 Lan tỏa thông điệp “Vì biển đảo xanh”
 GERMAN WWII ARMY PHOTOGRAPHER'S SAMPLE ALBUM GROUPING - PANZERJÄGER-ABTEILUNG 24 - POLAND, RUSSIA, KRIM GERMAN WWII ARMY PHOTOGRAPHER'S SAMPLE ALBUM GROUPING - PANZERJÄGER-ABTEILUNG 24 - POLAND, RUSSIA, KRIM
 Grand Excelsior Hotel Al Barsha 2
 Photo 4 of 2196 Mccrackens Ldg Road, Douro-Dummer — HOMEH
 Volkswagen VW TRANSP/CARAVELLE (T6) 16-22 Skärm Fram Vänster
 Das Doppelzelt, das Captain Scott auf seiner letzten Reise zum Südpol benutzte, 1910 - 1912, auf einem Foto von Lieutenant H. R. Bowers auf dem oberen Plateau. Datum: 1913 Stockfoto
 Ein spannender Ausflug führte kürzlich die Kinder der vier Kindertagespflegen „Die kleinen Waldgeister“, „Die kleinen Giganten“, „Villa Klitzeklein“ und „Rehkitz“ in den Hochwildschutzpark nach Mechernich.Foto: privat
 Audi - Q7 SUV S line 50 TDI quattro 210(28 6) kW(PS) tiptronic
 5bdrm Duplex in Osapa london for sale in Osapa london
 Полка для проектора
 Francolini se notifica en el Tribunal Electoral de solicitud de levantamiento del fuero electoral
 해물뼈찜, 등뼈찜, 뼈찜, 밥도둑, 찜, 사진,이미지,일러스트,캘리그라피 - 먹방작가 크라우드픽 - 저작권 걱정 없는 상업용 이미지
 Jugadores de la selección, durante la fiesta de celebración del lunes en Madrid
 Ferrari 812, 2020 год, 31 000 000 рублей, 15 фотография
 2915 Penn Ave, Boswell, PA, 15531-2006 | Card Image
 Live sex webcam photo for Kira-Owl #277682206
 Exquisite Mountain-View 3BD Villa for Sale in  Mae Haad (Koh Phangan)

##########

[Work instruction]:
What must be transcribed is the run of lines from the one containing "5bdrm Duplex in" to the last line of the data above, inclusive, and only that.

[Answer to this problem]:
 5bdrm Duplex in Osapa london for sale in Osapa london
 Полка для проектора
 Francolini se notifica en el Tribunal Electoral de solicitud de levantamiento del fuero electoral
 해물뼈찜, 등뼈찜, 뼈찜, 밥도둑, 찜, 사진,이미지,일러스트,캘리그라피 - 먹방작가 크라우드픽 - 저작권 걱정 없는 상업용 이미지
 Jugadores de la selección, durante la fiesta de celebración del lunes en Madrid
 Ferrari 812, 2020 год, 31 000 000 рублей, 15 фотография
 2915 Penn Ave, Boswell, PA, 15531-2006 | Card Image
 Live sex webcam photo for Kira-Owl #277682206
 Exquisite Mountain-View 3BD Villa for Sale in  Mae Haad (Koh Phangan)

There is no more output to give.